**AIM OF THE EXERCISE**
The lines to be extracted begin at the line containing "Aerial view of" and end at the last line of the data below; copy them exactly and leave out the pictures.

**EXERCISE DATA**
-- Opening Marker --

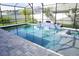 Inviting screened-in pool area with blue tiled accents, a spa, and a spacious deck for relaxation at 14146 Jomatt Loop, Winter Garden, FL 34787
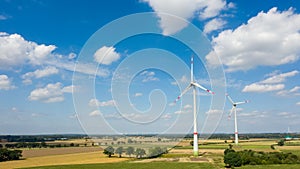 Aerial view of wind turbines windmills in farming fields against the sky with clouds. Alternative ecological energy production in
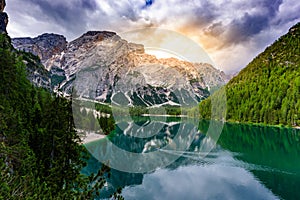 Stand up paddle board on Lake Braies (also known as Pragser Wildsee or Lago di Braies) in Dolomites Mountains, Sudtirol, Italy.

-- Closing Marker --

**WORKED SOLUTION**
 Aerial view of wind turbines windmills in farming fields against the sky with clouds. Alternative ecological energy production in
 Stand up paddle board on Lake Braies (also known as Pragser Wildsee or Lago di Braies) in Dolomites Mountains, Sudtirol, Italy.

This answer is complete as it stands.